BITC also focus on this, with our work in schools and work inclusion, alongside the Princes Trust who do so much to bring hope to young people.
Race for Opportunity is a part of the conversation on youth unemployment because currently, BAME (Black, Asian and Minority Ethnic) young people are twice as likely to be out of work as their white counterparts.
We are at real risk of a lost generation. Those leaving school and university can’t find jobs. Being from a Black, Asian or minority ethnic background means you are even more likely to get left behind. Long term unemployment has a long term impact on progression and pay – even when you do get a job, the disconnection with the job market makes it hard to catch up. I have three asks for business on tackling youth unemployment:
Be a mentor – anyone can be one. You don’t have to be BAME! Workplaces are filled with skilled people who can help with mentoring, reading, being role models, careers advice, and much more.
Consider paid apprenticeships and work experience schemes. These are long-term commitments bring real commercial rewards to business.
Be mindful of diversity. Monitor the take-up of these programmes and their outcomes. If a particular apprenticeship or work experience scheme doesn’t have any ethnic minority participants, then it isn’t reflective of society in the UK.
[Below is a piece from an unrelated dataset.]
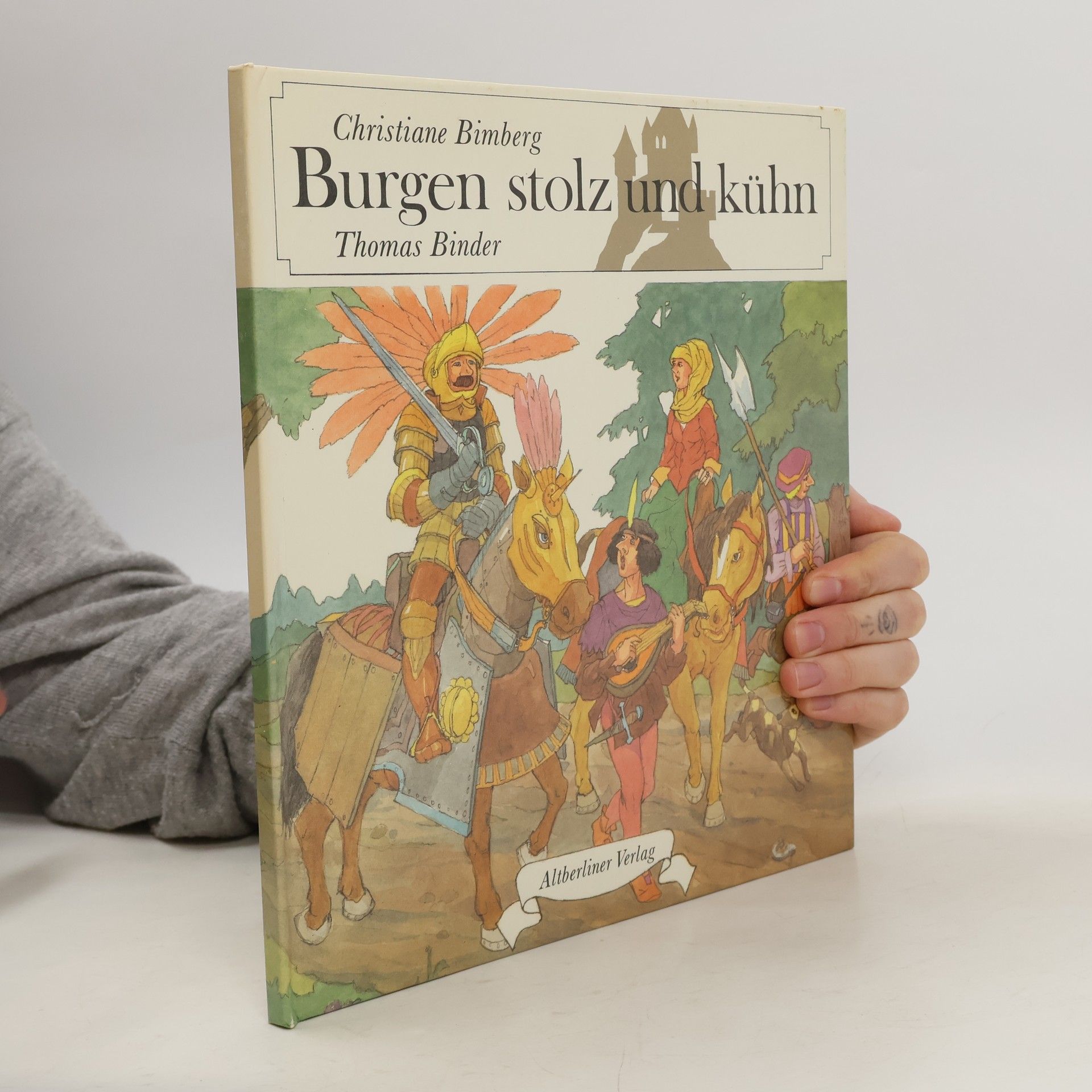 Christiane Maria Binder Burgen stolz und kühn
Now when one in three schools has no plan to deliver careers advice, the future of our young people contains increasing challenges. Where else can they turn to for career advice or support, whether it’s to ask about what subjects to study for a specific career, how to get an apprenticeship or for general advice on the career pathways open to them? Here’s a place where people already in work can be a great help!
With avenues of advisory support being increasingly off and youth unemployment on the rise, I believe businesses have a responsibility to start reaching out to disconnected groups of young people early on. Businesses should encourage employees to become involved as part of their commitment to responsible business practice.
This is very much about businesses recognising that talent and long-term commercial returns can be found in the most diverse people and places, including the untapped potential of our ethnic minority and white young people. And this potential can only be achieved through long-term strategy and commitment. Some businesses that are committed to a diverse and inclusive workforce are already taking action to reach out to diverse and hard to reach groups, but in my view, there is much more that can be done!
Race for Opportunity is determined to keep on highlighting the need to address youth unemployment. We want to hear how these issues have affected you. We’ll soon be asking business leaders, employees, young people, and anyone with a story to share their message through a short video or through twitter. If you’ve got a story, tell it to us!
At the RfO Awards Dinner 2012 we will be revealing the first of these videos from some of the UK’s most senior business leaders. All I ask of you all now, is to start thinking about what your message or commitment will be towards tackling youth unemployment.
By collaborating, we will find solutions.